POWESET2 NL
Copyright © 2018 VARO p a g i n a | 8 www.varo.com
7.5 In- en uitschakelen (Fig. 6)
▪ Sluit de stekker aan op een stopcontact. Het powerlampje (10) brandt totdat de stekker
van het gereedschap uit het stopcontact wordt gehaald.

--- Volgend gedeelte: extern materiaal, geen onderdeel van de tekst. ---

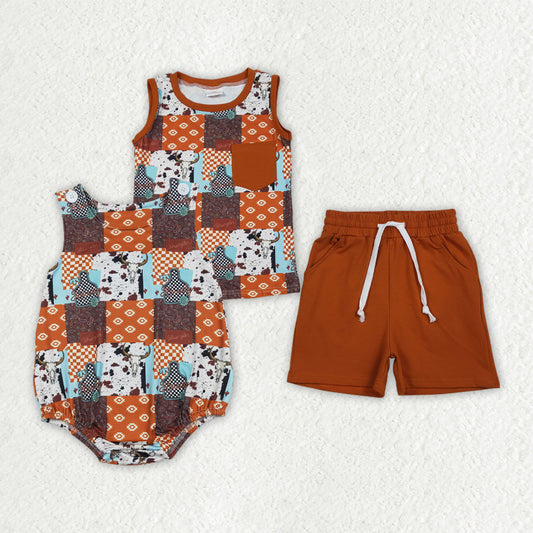 Sibling Baby Boys Sleeveless Aztec Bull Skulls Checked Pockets Shorts Western Set Rompers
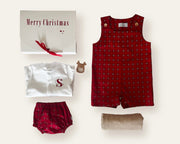 Red check Christmas baby romper - view 3 | Eli&Eli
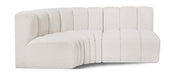 Meridian Furniture - Arc Vegan Leather Modular Sofa in Cream - 102Cream-S3A - GreatFurnitureDeal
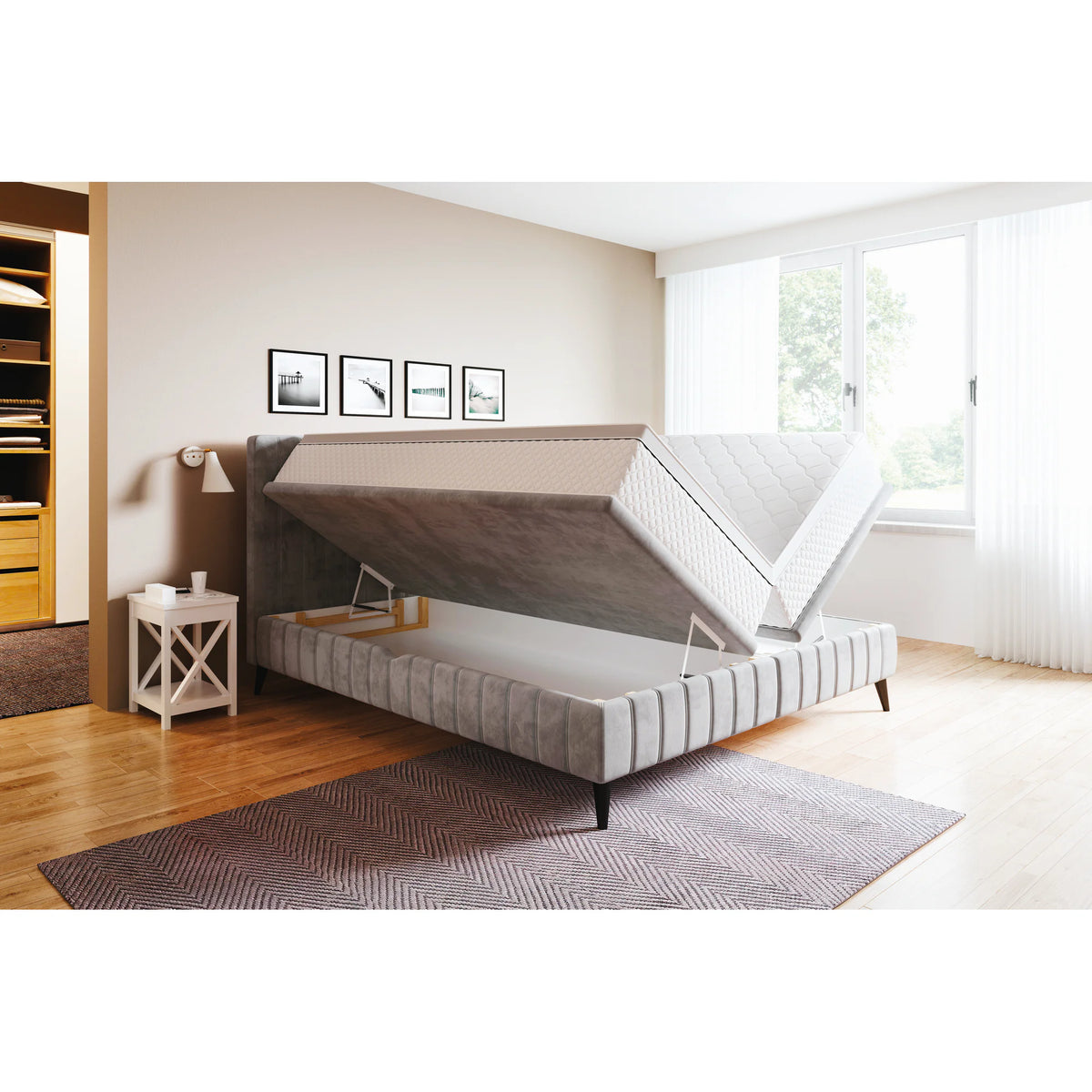 Pat CAYA 180x200, stofa catifelata bej - Whisper 03, Gama Premium, cu suport saltea, 2 lazi pentru depozitare si pistoane pe gaz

Controleer vóór u met de haakse slijper begint te werken of de spanning die
op het typeplaatje wordt aangegeven overeenstemt met de gebruikte
netspanning.
Controleer vóór u de AAN/UIT trekkerschakelaar indrukt of de slijpschijf
goed gemonteerd werd en soepel kan draaien en of de buitenste flens
stevig aangespannen is.
Om de haakse slijper in te schakelen, duwt u de ontgrendelknop (6) in en duwt u de AAN/UIT-
trekkerschakelaar (5) in.
Wanneer u de trekkerschakelaar loslaat, schakelt het gereedschap uit.
Laat de slijper niet los voordat hij volledig tot stilstand is gekomen.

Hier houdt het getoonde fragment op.